The single-channel conductance can also be estimated from current variance analysis. Early attempts to resolve H+ channel gating-induced current fluctuations (85,136, 236) met with limited success, due to poor signal-to-noise ratios (S/N). Byerly and Suen (136) established an upper bound at <50 fS at pHi 5.9 (136). No excess fluctuations were seen (S/N = 0), but the data had to be filtered at 1 kHz because of the rapid gating kinetics in snail neurons. Bernheim et al. (85) filtered at 5 kHz, and from a 6% reduction of variance in the presence of Cd2+ (S/N = 0.06), estimated 90 fS at pHi 5.5 (85). DeCoursey and Cherny improved the S/N ratio to 0.5 and estimated the unitary conductance to be ∼10 fS at pHi6.0 in human neutrophils (236). Distinct excess fluctuations (presumably generated by H+ channel gating) were detected at 200 Hz but not 2-kHz low-pass filtering. All of these estimates are compromised by poor S/N ratios and should be considered very rough.
More recently, we have exploited the very slow gating in human eosinophils, combined with appropriate filtering, to improve the S/N ratio to >100 routinely, and sometimes >1,000 (168). Distinct excess fluctuations ascribable to H+ channel gating can be seen at voltages where H+ current is activated (Fig. 15). At low pHi the variance was maximal near the midpoint of theg H-V relationship, precisely as expected from the simple assumption that gating events (random opening and closing of channels) are most frequent when half the channels are open, decreasing with further depolarization because most channels stay open most of the time. This behavior strongly supports the idea that the noise is generated by H+ channel gating. These recent estimates place the unitary H+ channel conductance at 30–40 fS at pHi 6.5 and perhaps four times higher at pHi 5.5 (168).
Although the conductance of H+ channels is miniscule compared with other ion channels, in view of the low concentration of protons at physiological pH, the conductance seems implausibly large. Estimated unitary H+ currents are an order of magnitude greater than the diffusion limit (Fig. 13).
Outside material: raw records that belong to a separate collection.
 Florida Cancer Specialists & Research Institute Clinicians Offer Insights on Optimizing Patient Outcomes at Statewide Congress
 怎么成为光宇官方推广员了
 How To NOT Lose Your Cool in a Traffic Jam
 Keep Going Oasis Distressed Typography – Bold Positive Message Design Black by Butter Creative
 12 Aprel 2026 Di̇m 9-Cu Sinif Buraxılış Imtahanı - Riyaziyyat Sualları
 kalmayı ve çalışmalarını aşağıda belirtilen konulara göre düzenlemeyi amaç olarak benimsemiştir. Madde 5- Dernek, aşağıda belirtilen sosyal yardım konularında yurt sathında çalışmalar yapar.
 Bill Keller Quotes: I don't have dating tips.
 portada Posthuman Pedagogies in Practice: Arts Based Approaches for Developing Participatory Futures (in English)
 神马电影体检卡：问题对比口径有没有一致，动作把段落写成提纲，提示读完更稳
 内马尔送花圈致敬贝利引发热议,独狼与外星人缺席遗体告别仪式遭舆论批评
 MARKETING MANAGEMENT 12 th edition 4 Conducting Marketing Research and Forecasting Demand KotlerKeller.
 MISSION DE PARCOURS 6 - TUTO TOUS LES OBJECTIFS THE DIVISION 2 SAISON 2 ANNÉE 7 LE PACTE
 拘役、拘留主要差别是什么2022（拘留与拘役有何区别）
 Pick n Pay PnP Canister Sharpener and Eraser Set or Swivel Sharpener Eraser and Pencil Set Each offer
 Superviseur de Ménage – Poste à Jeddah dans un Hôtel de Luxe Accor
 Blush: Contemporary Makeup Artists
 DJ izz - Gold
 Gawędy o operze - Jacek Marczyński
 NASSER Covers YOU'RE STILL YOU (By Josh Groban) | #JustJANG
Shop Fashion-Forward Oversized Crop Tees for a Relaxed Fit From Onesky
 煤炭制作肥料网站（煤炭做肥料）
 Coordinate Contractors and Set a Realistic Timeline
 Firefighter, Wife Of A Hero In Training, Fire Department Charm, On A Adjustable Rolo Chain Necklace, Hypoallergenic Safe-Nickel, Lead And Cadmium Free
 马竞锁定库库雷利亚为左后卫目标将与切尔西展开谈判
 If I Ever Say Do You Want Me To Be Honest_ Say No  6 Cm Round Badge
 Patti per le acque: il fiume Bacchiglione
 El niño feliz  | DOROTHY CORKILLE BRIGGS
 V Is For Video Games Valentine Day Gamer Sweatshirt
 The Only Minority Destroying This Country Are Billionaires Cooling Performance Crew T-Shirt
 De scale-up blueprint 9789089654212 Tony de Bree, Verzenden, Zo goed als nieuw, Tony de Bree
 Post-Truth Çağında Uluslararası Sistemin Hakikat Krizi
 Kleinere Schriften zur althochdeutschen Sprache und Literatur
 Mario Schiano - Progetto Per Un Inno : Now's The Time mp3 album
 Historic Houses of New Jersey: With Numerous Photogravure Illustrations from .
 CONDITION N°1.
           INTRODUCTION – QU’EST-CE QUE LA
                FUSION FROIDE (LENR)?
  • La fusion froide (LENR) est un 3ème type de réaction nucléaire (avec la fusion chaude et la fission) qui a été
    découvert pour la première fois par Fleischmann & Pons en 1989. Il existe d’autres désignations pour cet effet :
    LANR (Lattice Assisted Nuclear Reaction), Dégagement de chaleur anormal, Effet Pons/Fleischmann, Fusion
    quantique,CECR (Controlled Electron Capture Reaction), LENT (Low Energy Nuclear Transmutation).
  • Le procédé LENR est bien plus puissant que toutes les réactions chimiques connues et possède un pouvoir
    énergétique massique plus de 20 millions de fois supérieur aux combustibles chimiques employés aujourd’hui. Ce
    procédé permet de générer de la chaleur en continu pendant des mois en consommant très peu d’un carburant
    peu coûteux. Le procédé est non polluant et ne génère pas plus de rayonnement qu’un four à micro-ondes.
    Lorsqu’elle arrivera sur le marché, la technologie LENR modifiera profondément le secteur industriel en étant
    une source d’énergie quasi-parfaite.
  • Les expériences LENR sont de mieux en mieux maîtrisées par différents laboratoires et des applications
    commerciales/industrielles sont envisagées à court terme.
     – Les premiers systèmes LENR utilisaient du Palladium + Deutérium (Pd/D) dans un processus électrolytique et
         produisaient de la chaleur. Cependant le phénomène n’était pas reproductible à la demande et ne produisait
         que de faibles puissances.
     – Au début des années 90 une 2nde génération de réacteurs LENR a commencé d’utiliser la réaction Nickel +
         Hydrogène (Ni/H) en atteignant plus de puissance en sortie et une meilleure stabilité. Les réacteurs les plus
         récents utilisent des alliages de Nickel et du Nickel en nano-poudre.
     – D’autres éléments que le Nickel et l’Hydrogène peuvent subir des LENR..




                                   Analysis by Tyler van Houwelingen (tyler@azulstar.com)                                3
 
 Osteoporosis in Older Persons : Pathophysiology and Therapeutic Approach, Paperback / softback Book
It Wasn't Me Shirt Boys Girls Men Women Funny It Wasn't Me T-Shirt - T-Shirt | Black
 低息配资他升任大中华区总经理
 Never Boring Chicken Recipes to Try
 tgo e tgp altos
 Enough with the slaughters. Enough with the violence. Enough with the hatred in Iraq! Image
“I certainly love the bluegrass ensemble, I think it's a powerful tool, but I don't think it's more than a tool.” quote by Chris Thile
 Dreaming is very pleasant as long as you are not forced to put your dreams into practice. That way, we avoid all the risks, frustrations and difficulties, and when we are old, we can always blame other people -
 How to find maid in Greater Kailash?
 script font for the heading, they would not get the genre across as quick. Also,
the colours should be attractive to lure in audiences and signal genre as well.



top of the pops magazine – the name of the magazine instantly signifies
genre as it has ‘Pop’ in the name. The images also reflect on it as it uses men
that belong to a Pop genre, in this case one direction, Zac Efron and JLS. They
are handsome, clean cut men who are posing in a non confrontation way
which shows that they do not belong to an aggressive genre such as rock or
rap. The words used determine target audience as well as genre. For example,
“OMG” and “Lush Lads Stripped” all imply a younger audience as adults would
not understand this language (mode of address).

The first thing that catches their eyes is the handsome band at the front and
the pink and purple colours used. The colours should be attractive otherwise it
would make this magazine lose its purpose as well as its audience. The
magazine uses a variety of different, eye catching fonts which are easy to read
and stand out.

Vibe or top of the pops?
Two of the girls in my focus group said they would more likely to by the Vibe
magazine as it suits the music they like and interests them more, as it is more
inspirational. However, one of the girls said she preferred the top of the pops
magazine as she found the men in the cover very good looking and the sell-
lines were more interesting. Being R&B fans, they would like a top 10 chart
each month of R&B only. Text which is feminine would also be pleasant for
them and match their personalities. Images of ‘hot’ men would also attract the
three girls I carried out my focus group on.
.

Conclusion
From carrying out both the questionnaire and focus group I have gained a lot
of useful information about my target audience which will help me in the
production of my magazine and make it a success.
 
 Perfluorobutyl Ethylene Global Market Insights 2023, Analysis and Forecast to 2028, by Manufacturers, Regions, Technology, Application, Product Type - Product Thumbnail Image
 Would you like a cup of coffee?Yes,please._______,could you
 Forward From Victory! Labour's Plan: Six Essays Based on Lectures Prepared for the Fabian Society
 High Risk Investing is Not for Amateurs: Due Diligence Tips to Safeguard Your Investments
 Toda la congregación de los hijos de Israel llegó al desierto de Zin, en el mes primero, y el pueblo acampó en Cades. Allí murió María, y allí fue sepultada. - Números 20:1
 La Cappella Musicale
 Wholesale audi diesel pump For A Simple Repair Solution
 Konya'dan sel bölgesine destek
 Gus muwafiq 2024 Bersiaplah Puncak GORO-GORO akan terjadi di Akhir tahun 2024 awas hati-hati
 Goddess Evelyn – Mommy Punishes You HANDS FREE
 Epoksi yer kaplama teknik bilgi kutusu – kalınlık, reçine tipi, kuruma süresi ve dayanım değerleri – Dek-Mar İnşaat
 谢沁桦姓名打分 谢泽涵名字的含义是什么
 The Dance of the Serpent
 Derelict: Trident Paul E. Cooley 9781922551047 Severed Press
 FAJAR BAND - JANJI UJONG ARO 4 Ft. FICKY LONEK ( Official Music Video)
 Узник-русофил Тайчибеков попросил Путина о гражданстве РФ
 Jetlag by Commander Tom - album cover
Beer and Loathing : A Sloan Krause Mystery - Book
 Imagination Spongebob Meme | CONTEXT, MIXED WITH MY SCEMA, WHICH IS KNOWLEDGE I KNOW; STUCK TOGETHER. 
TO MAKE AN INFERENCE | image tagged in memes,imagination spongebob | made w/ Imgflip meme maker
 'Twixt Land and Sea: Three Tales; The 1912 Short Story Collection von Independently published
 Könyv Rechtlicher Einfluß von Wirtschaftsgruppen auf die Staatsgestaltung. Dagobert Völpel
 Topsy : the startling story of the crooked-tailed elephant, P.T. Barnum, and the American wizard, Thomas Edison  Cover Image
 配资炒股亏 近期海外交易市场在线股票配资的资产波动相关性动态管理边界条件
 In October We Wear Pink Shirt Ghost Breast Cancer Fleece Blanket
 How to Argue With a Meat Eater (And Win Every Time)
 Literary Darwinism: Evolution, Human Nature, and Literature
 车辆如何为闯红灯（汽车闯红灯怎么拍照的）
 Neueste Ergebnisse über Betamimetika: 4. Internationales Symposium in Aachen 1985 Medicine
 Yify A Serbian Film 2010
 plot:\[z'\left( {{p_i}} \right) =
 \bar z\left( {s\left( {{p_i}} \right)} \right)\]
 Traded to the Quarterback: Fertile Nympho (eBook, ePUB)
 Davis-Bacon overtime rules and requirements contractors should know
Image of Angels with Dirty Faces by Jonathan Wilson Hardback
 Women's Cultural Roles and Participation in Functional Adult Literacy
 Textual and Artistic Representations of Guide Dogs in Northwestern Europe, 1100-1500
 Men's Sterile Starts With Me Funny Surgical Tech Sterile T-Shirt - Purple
Mechanisms that might reconcile this apparent paradox are discussed elsewhere (see sect.iv P). Judged solely on their conductance, voltage-gated proton channels cannot be distinguished from carriers. For example, the H+ efflux through Na+/H+ antiporters at pHi 6.0 at their maximum turnover rate in human fibroblasts is equivalent to 0.5–1.7 fA (927). Nevertheless, the presence of H+ current fluctuations provides strong evidence of gating, a defining property of ion channels, and thus support for the designation of voltage-gated proton channels as ion channels.
H. Strong Temperature Dependence
Voltage-gated proton channels are extraordinarily sensitive to temperature (136, 170, 243,574). Both the open-channel conductance and the kinetics of gating have higher temperature sensitivity than almost any other ion channel. In a survey of voltage-gated proton channels in six cell types, the time course of H+ current activation was fit by a single exponential after a delay to obtain τact and deactivation was fit with a single exponential to obtain the closing time constant τtail. Surprisingly, the delay, τact, and τtail all had Q10 values of 6–9 (243). The Q10is the relative change in rate for a 10°C increase in temperature; these values correspond with activation energies of 30–38 kcal/mol. Only 1 of 24 studies of gating of other ion channels reported a higher value (825). The large Q10 suggests that gating involves substantial conformational changes in the channel. The similarity of temperature sensitivity of the three gating parameters was surprising, because they had been envisioned as reflecting different, if overlapping, kinetic processes. The delay presumably reflects transitions between closed states; τact is slow and must reflect the entire opening process that by analogy with other voltage-gated channels might require conformational changes in multiple channel subunits, whereas τtail ought to reflect the first closing step. Nevertheless, the similar activation energies for these three processes, 30–38 kcal/mol, suggest that the same kinetic process underlies each. This might occur if H+channel gating occurred generally as in the Hodgkin-Huxley model for K+ and Na+ channels (454). Each H+ channel might have several subunits, each of which must undergo a kinetically similar first-order conformational change during opening, whereas closing would occur as soon as one subunit underwent the reverse transition.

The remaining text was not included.